By Associated Press - Saturday, July 4, 2015

ANCHORAGE, Alaska (AP) - Alaska officials say e-cigarettes may be responsible for last year’s larger-than-normal drop in tobacco revenue.

Tobacco consumption in the state has dipped to its lowest point since the latest available records in 2001 and there is an increase in e-cigarette use, but state officials say it isn’t clear whether the product is diverting sales from traditional cigarettes, Alaska Dispatch News reported (

State officials say a lack of tax data makes e-cigarette use hard to track.

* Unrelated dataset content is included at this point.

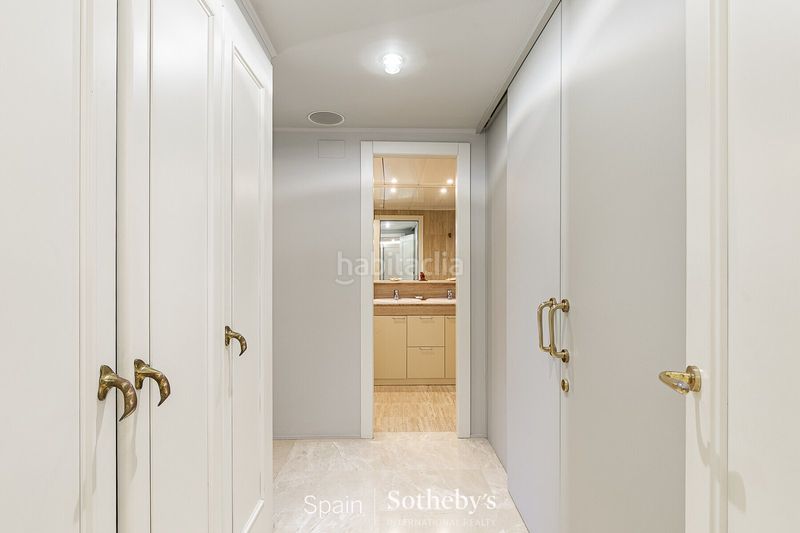 Foto 85bdc7d6-61df-4b0d-940e-c7ba1494ab34. Apartament amb aparcament piscina a Can Girona - Terramar - Vinyet Sitges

E-cigarettes are battery-powered devices that turn flavored liquids into a vapor inhaled by the user. The vapor contains nicotine and the liquid may or may not contain tobacco. Because it’s not clear which products use tobacco, e-cigarettes are not taxable under current law.

The federal Food and Drug administration does not require e-liquid makers to disclose their ingredients.

“There’s just such variation,” said Alison Kulas, tobacco program manager for the state health department. “Without that oversight, you’re not entirely sure what you could be buying from somebody.”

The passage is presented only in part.